Sumiko Tan doesn't rule out restarting personal column
Sumiko Tan's personal column might not stop with her new book
For 22 years, Ms Sumiko Tan shared her personal life in her column every other Sunday.
She wrote over 400 pieces, penning her thoughts on finding romance, the Chinoiserie disco at the then Hyatt Regency hotel and the death of her father.
It was not easy to drop her personal column to focus on her new interview series, Lunch With Sumiko, which was launched in January and appears in The Sunday Times' Insight section.
"When you do something for 22 years, you do get attached to it... Over the years I had readers writing in, and there was a certain number of people who liked it," she told The New Paper.
Ms Tan, 53, the executive editor of The Straits Times, published Sundays With Sumiko, a collection of 74 columns written from 1994 to last year.
Arranged in chronological order, they chart the trajectory of her life's journey: confessions about the stigma of singlehood, getting married at 46 and the difficulty of coping with her new roles as wife and stepmother.
She said her columns were not just about her, but they record a Singaporean woman's journey from pre-independence and how she grew up with changes around her.
"After the publicity of the book came out, a woman wrote in and said she read the excerpt about my dad dying.
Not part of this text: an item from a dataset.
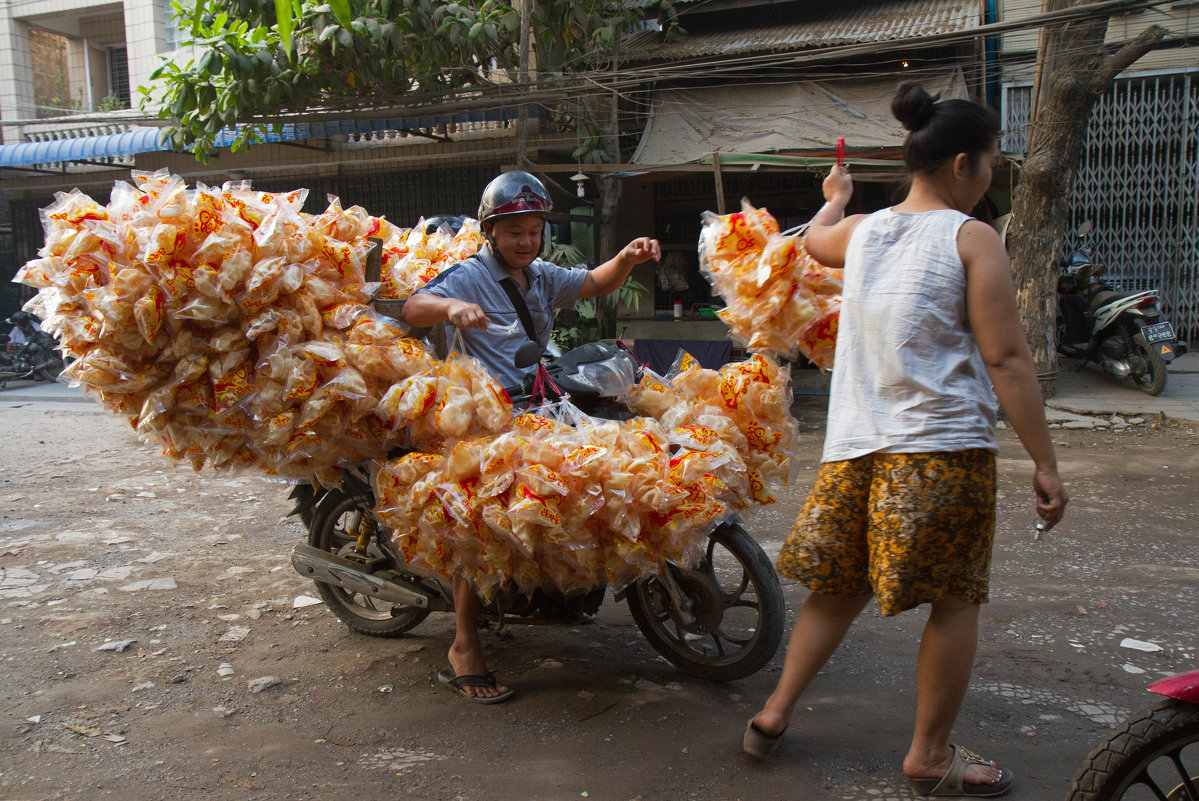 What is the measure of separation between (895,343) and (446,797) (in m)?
1.69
That triggered some emotions for her because she recounted about her mother and herself.
"I do not think the columns are only about me, but everybody would have lived through (such experiences)," she said.
Ms Tan added that she was grateful to the over 100 readers who turned up last Sunday at the Popular bookstore in Nex shopping mall when she held a book signing session.
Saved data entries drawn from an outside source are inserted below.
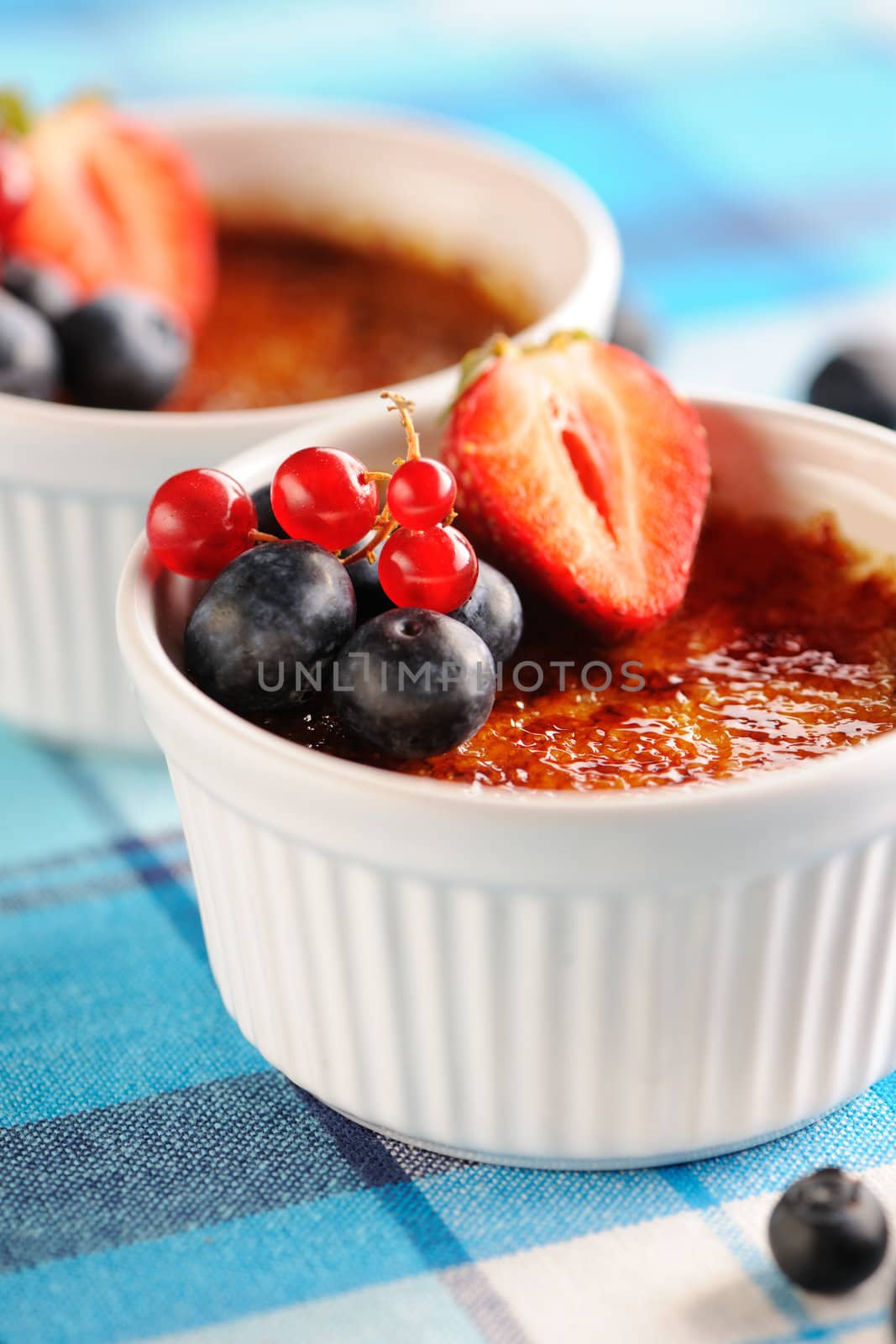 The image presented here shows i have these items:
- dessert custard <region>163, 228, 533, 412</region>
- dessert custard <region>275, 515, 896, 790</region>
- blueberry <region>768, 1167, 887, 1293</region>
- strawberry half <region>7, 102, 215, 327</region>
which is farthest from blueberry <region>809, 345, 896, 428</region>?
blueberry <region>768, 1167, 887, 1293</region>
When you write a column, you want to be read. When someone does read your work, you feel very grateful, especially when they tell you it resonated with them.
Ms Sumiko Tan
"When you write a column, you want to be read," she said. "When someone does read your work, you feel very grateful, especially when they tell you it resonated with them."
She intends to concentrate on the Lunch With Sumiko series, although she does not rule out restarting her personal column.
"I needed more life experience as a columnist. Now that I am doing the Lunch With Sumiko column, I meet more people and that has widened my world view," she said.
Sundays With Sumiko by Straits Times Press is available at $29.96 at all leading bookstores. There will be two meet-the-author sessions with Ms Tan on July 28 and Aug 26 at the National Library and the Kinokuniya Main Store at Ngee Ann City, respectively.